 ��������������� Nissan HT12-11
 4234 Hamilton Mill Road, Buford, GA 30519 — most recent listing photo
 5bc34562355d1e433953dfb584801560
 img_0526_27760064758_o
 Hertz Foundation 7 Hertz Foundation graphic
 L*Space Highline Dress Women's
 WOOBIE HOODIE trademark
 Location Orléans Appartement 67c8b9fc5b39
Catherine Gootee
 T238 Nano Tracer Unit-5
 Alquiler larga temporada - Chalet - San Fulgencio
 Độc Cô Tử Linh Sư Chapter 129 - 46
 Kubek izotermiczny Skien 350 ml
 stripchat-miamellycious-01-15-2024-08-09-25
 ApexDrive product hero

★ ★ ★

■ TASK INSTRUCTIONS ■
Transcribe the data. Leave every line exactly as it is.

■ TASK OUTPUT ■
 ��������������� Nissan HT12-11
 4234 Hamilton Mill Road, Buford, GA 30519 — most recent listing photo
 5bc34562355d1e433953dfb584801560
 img_0526_27760064758_o
 Hertz Foundation 7 Hertz Foundation graphic
 L*Space Highline Dress Women's
 WOOBIE HOODIE trademark
 Location Orléans Appartement 67c8b9fc5b39
Catherine Gootee
 T238 Nano Tracer Unit-5
 Alquiler larga temporada - Chalet - San Fulgencio
 Độc Cô Tử Linh Sư Chapter 129 - 46
 Kubek izotermiczny Skien 350 ml
 stripchat-miamellycious-01-15-2024-08-09-25
 ApexDrive product hero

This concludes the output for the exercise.